───── Information provided ─────

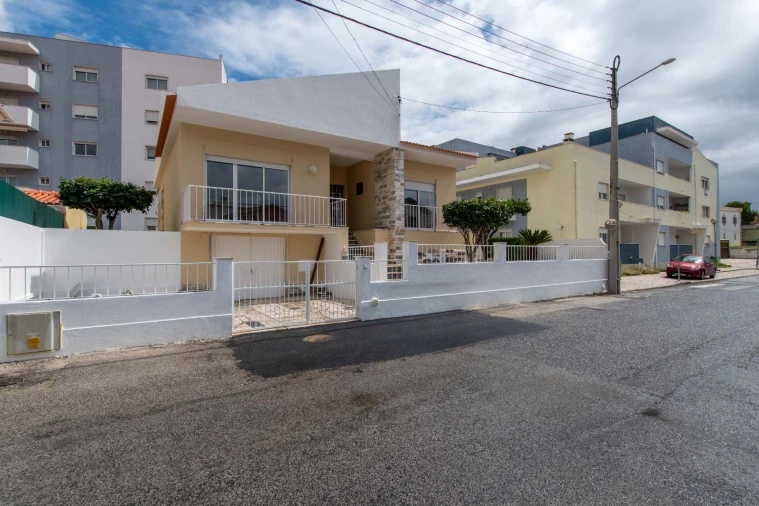 Moradia T3 para Venda em Carregado e Cadafais Foto 18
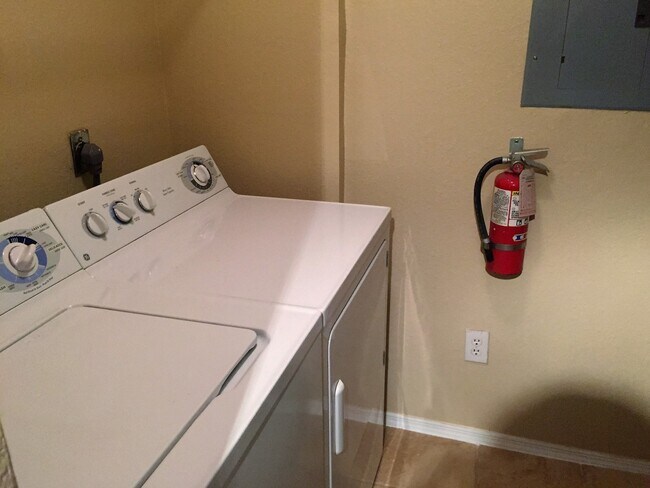 Building Photo - Beautiful 3 bedroom 2 Bath Townhome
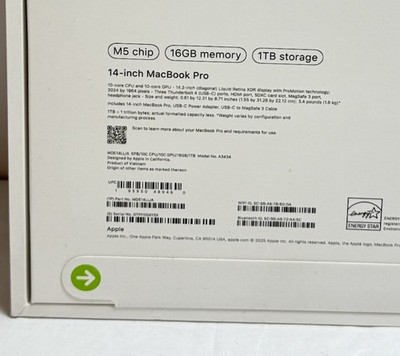 Apple MacBook Pro 14" M5  1TB SSD 16GB RAM, 10-Core GPU-Space Black - New Sealed #4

─────

** Your task **
Exact copy, no pictures: please print the data above once more.

** Problem solution **
 Moradia T3 para Venda em Carregado e Cadafais Foto 18
 Building Photo - Beautiful 3 bedroom 2 Bath Townhome
 Apple MacBook Pro 14" M5  1TB SSD 16GB RAM, 10-Core GPU-Space Black - New Sealed #4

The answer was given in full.